(Caption-style text data)
*** Begin section ***
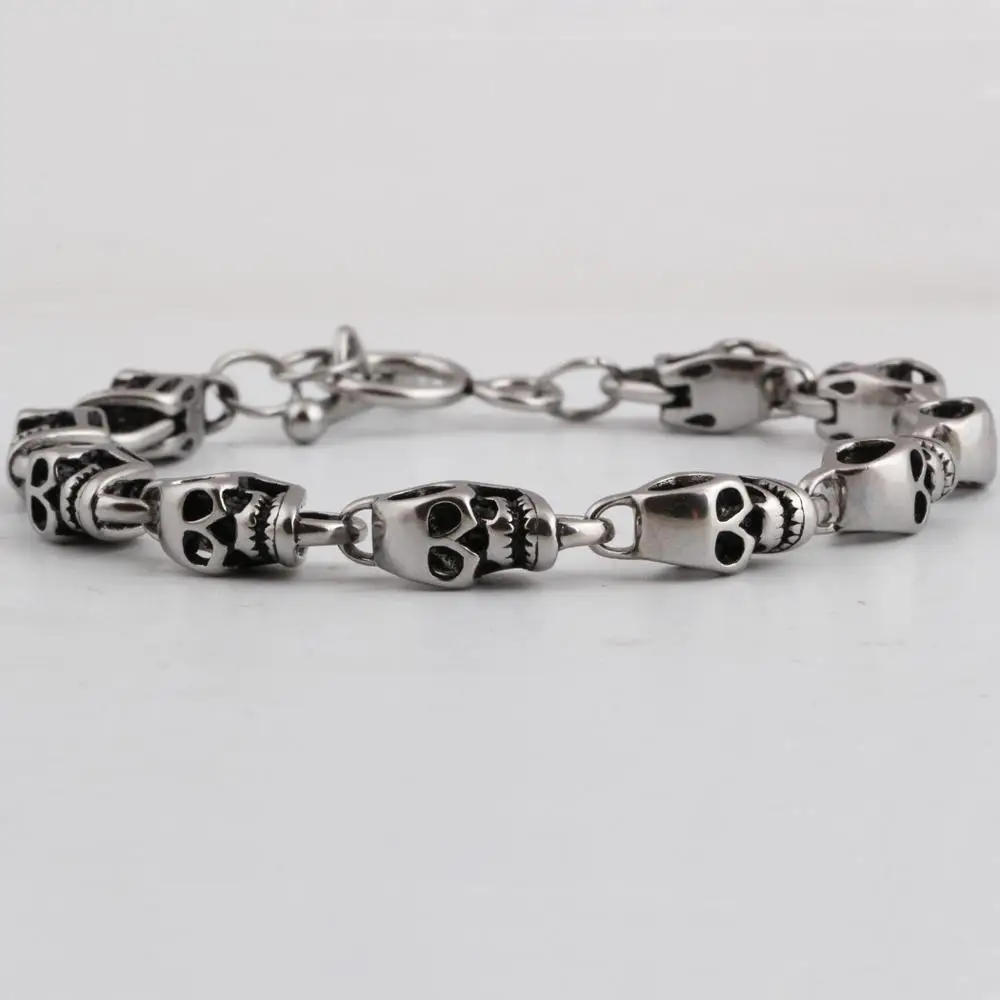 

2021 New Style Stainless Steel Skull Beads Handmade Men Bracelet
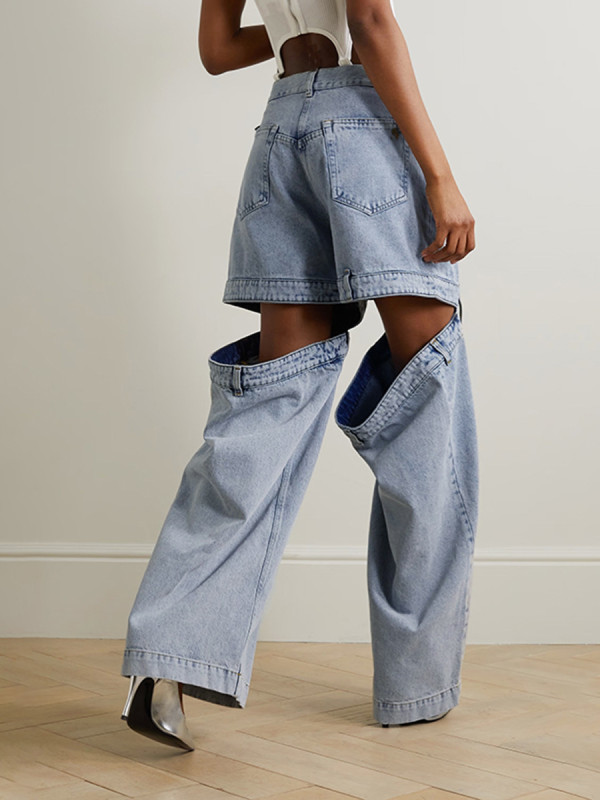 High-waist wide-leg casual women's jeans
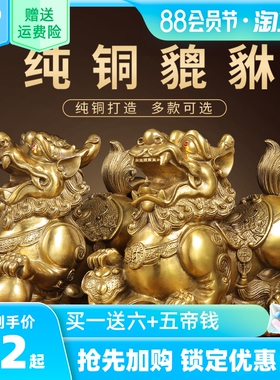 铜貔貅摆件一对公母纯铜貔恘黄铜全铜皮丘家用客X厅店铺办公室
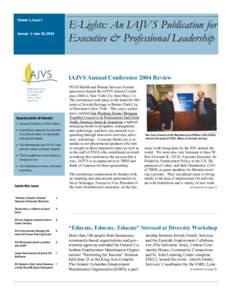 Volume 1, Issue 1  E-Lights: An IAJVS Publication for Executive & Professional Leadership  January 1- June 30, 2004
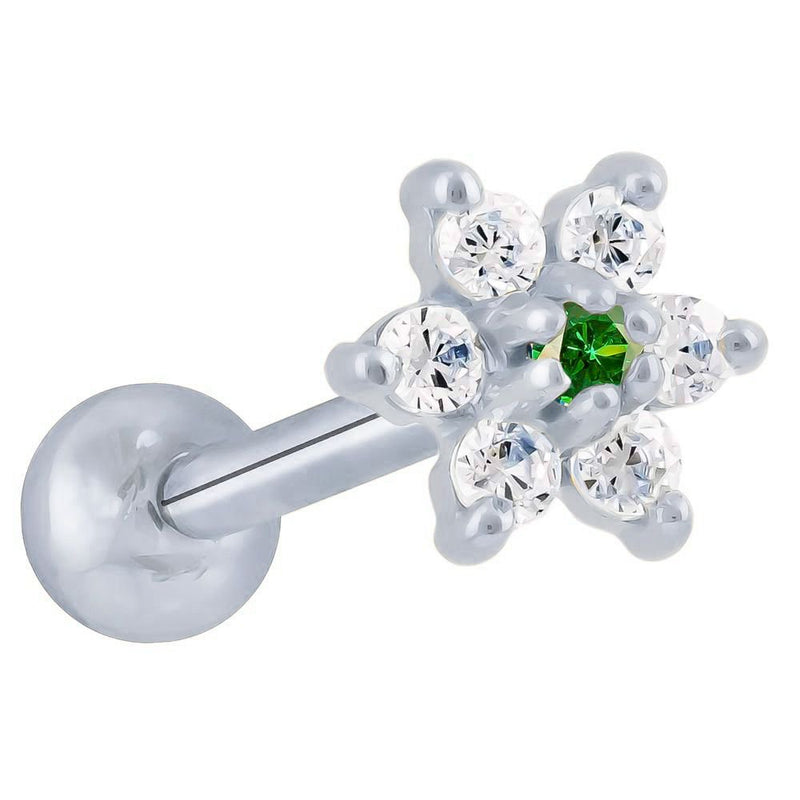 14k white gold CZ flower cartilage stud with dark green center CZ and clear surrounding petals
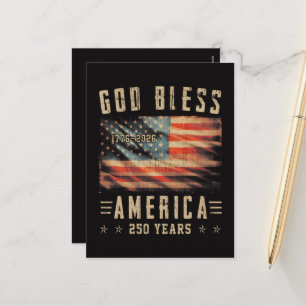 Cartão Postal De Festividades Deus Abençoe a América 250 Anos 1776-2026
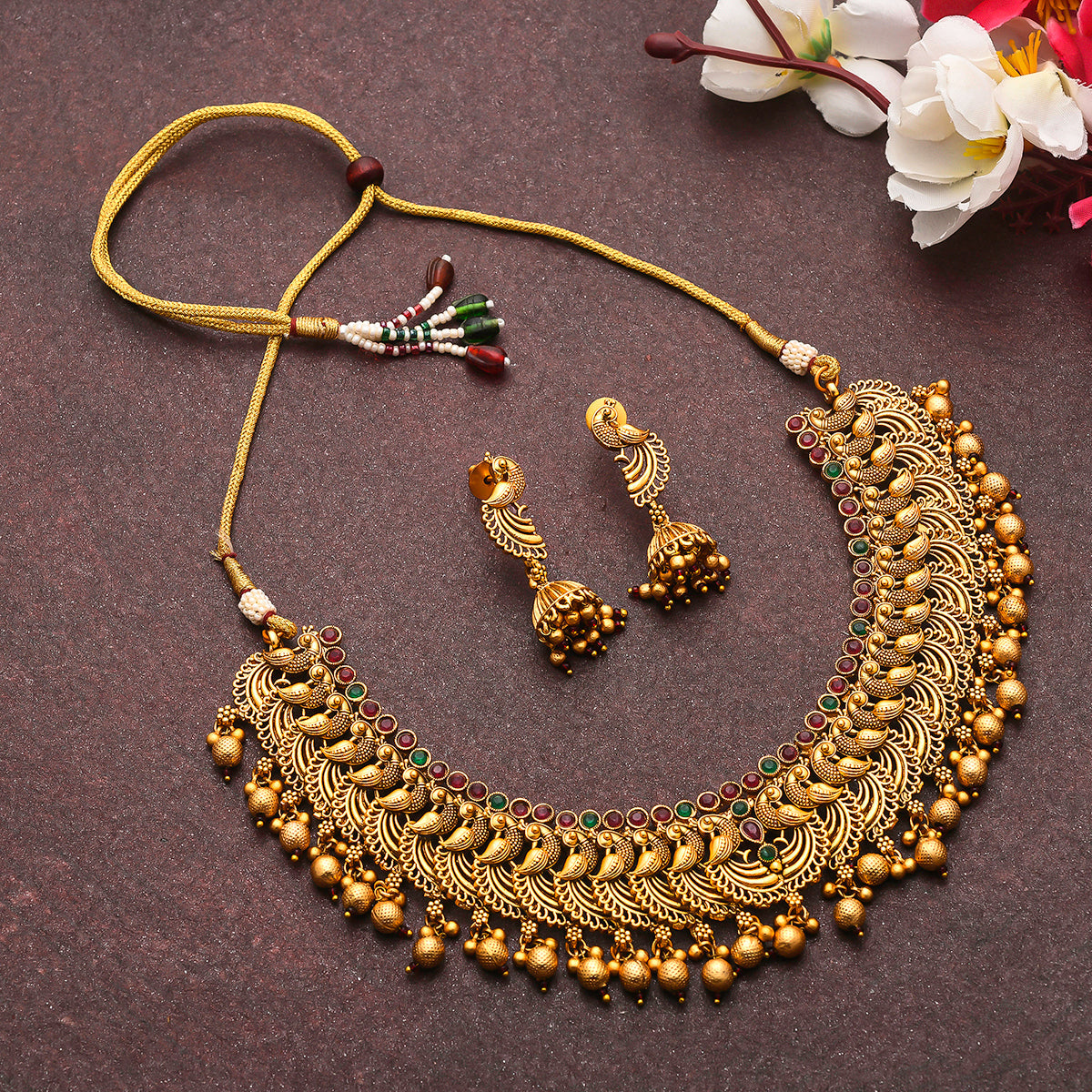 Women's Peacock Motifs Faux Pearls Brass Gold Plated Jewellery Set - Voylla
*** End section ***
WHAT TO DO: Keeping every word as it is, write out all the data and omit the pictures.

EXERCISE RESULT:
2021 New Style Stainless Steel Skull Beads Handmade Men Bracelet
 High-waist wide-leg casual women's jeans
 铜貔貅摆件一对公母纯铜貔恘黄铜全铜皮丘家用客X厅店铺办公室
 Volume 1, Issue 1  E-Lights: An IAJVS Publication for Executive & Professional Leadership  January 1- June 30, 2004
 14k white gold CZ flower cartilage stud with dark green center CZ and clear surrounding petals
 Cartão Postal De Festividades Deus Abençoe a América 250 Anos 1776-2026
 Women's Peacock Motifs Faux Pearls Brass Gold Plated Jewellery Set - Voylla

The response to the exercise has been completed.